Shawn allowed her words to marinate in his head. “Well, since I know you never open your mouth about a problem unless you've thought it through, I suggest that you tell me your plan instead of sitting there pouting.”
After a pause Vanessa said, “You really think you know me, don't you. First rule of management: Instead of bitching about a problem find a solution, then bitch. You know my cousin and her husband moved to Tacoma, Washington. Renee, the one I went to visit last year. I've been talking to her a lot lately and I have to admit that the place is ripe for investing.”
Solemn Shawn interrupted, “What kind of investments?”
“Don't laugh, you promise you won't laugh.”
“Woman, tell me.”
“Krispy Kreme doughnuts.”
He wanted to laugh, but he knew Vanessa was serious. Still he asked, “You want to sell doughnuts? I mean, they are some pretty good doughnuts, but you expect to get rich selling them?”
“You ain't got to say it like that,” she sneered. “Yeah, doughnuts. When I was out there I noticed a million Starbucks, but no Krispy Kreme. All I kept thinking was that that good-ass coffee needed a good-ass doughnut to go with it. So I did my homework on purchasing a franchise and starting it up out there. Krispy Kreme is like a new age franchise.

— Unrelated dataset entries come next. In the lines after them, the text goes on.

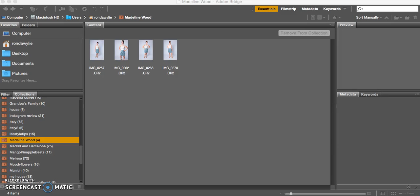I'm going to show you how I edit a group of photos that I've turned into a collection in Bridge.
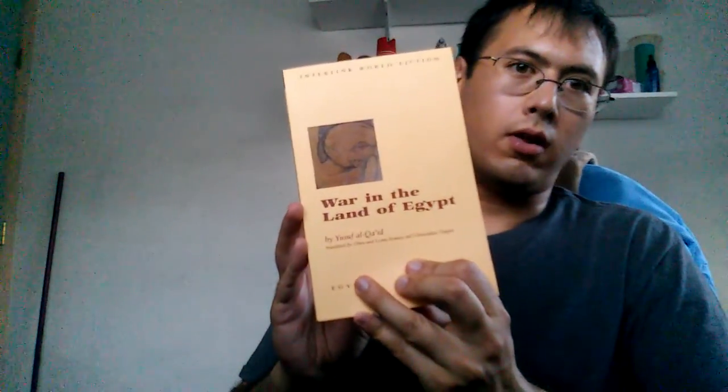Summer break has started so I have a lot more time on my hands and I was able to finish reading this book. It's called War on the Land of Egypt by Yusuf Al-Qa'id. He's an Egyptian author and this takes place towards the end of the 20th century. It's like 1973.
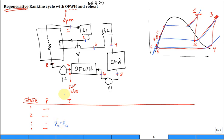The pressure at state two, state six, and state seven are all the same — intermediate pressure. Then the pressure at state eight is back to high. So if you march around and get your pressures right, it will really help you. Then go ahead and get your enthalpies. If you know how to fix the states, it's just a little more complexity.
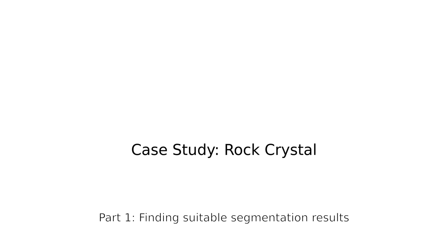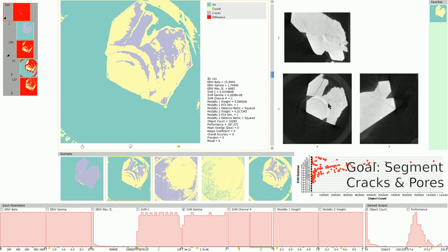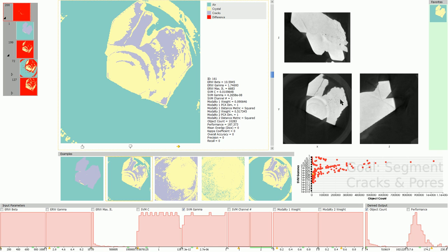We now come to the first part of a case study on a rock crystal dataset where we find suitable segmentation results and the parameters that produce them. The material analyzed here is a quartz structure with several cracks and pores inside. The main goal was to find parameters that segment all those cracks and pores well. A secondary goal was to find segmentation parameters that are robust in the presence of imaging artifacts.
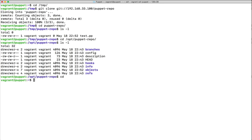We have successfully created a git repository on this machine — this will be the central location for all manifests, files, data, and variables in this mini course. In the coming lectures, we'll configure nodes to pull configuration from this git server on a periodic basis using a cron job, and we'll also do this using a Puppet manifest. Until next lecture, take care.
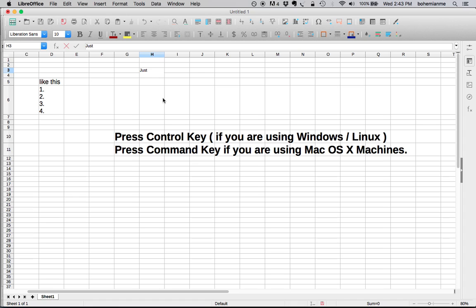Then type something and press Ctrl or Command key again. You have to keep your Ctrl or Command key pressed while pressing the Enter key.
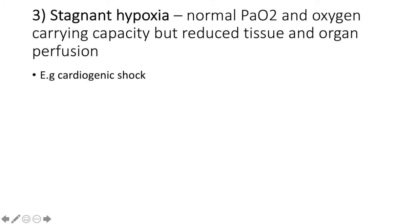Number three, stagnant hypoxia. This is where there is a normal PaO2 and oxygen carrying capacity, but reduced tissue and organ perfusion. And this occurs in cardiogenic shock.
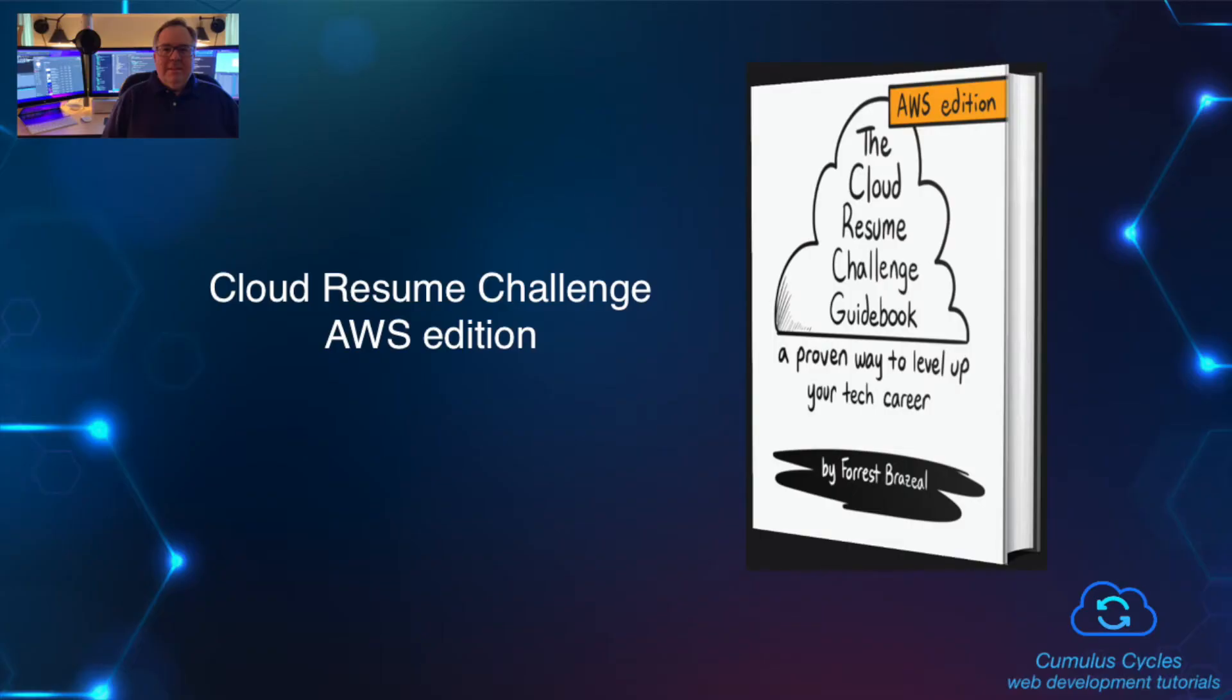So this playlist will contain a series of videos on my journey through the Cloud Resume Challenge. I'll share my thoughts, trials, and triumphs through each phase of the challenge and hopefully help someone who is also interested in getting in the cloud or the challenge along the way.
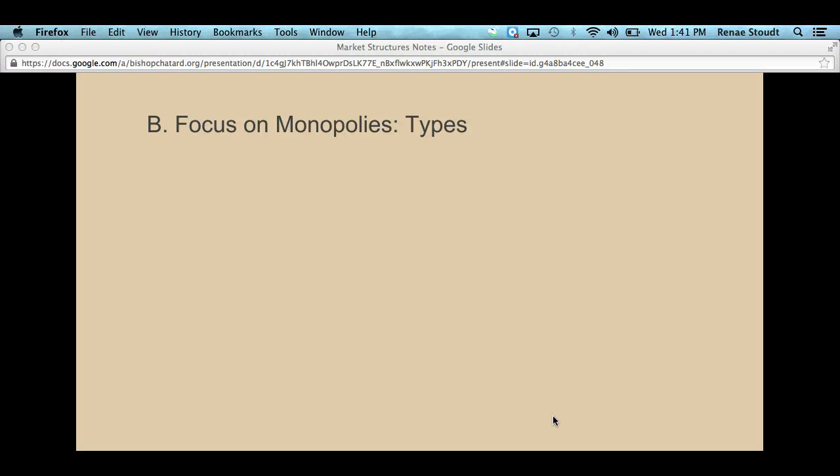This video is about types of monopolies. It goes with the market structures charts we did in class based off of the book. There are four specific types of monopolies I want to talk about.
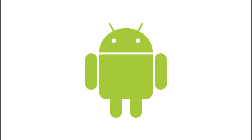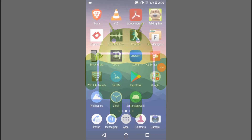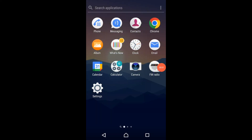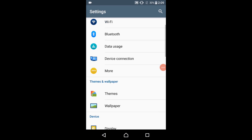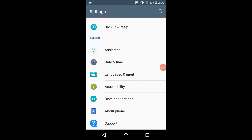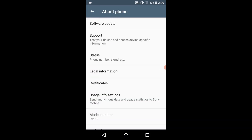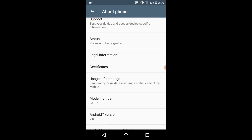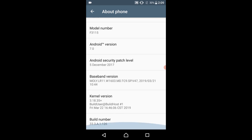To check what version of Android your device is running, first go to Settings, then head down to About Device. Find the text that says Android Version — pressing on it will bring up the version of Android you have.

If you got the cash they'll send you everything you need and send you to school, plus invest money with your franchise so you can expand. I made a few calls and everything is favorable. With my projections we can be building our second store within a year of opening the doors of our first one. In five years' time we'll be worth millions off of selling doughnuts.”
“It's that simple?” he asked.
“Yeah, it's that simple,” Vanessa replied sarcastically.
“Let me get this right. You're saying that all we have to do is pick up and move to Tacoma to get rich. So where do you propose we get the seed money?”
Vanessa spread her arms wide. “Look around. This condo is worth two hundred thousand easily. I got about sixty thousand in savings, and no telling what you've got. I'm telling you, Shawn, I didn't work my ass off to get a master's degree in business to be stuck in somebody's bank as a glorified teller. I know the ins and outs of running a business.”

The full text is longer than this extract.